> [Dataset content]:
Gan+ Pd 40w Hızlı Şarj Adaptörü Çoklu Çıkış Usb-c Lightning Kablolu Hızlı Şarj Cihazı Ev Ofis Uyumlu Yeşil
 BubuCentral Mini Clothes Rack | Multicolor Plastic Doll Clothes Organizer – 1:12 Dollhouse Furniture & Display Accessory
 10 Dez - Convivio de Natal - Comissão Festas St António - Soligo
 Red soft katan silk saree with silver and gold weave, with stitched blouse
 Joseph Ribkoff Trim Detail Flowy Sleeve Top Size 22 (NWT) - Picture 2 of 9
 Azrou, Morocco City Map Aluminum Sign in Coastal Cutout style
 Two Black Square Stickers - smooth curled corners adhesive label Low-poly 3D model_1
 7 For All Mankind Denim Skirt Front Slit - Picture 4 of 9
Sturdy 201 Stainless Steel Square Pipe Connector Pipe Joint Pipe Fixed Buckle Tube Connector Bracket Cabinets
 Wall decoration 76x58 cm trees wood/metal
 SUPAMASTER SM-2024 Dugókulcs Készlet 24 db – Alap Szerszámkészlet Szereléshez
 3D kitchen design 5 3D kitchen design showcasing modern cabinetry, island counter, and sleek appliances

> [The problem]: In the records above, locate the line that contains "Joseph Ribkoff Trim". Repeat it and every line after it, exactly, and nothing else.

> [Task result]:
 Joseph Ribkoff Trim Detail Flowy Sleeve Top Size 22 (NWT) - Picture 2 of 9
 Azrou, Morocco City Map Aluminum Sign in Coastal Cutout style
 Two Black Square Stickers - smooth curled corners adhesive label Low-poly 3D model_1
 7 For All Mankind Denim Skirt Front Slit - Picture 4 of 9
Sturdy 201 Stainless Steel Square Pipe Connector Pipe Joint Pipe Fixed Buckle Tube Connector Bracket Cabinets
 Wall decoration 76x58 cm trees wood/metal
 SUPAMASTER SM-2024 Dugókulcs Készlet 24 db – Alap Szerszámkészlet Szereléshez
 3D kitchen design 5 3D kitchen design showcasing modern cabinetry, island counter, and sleek appliances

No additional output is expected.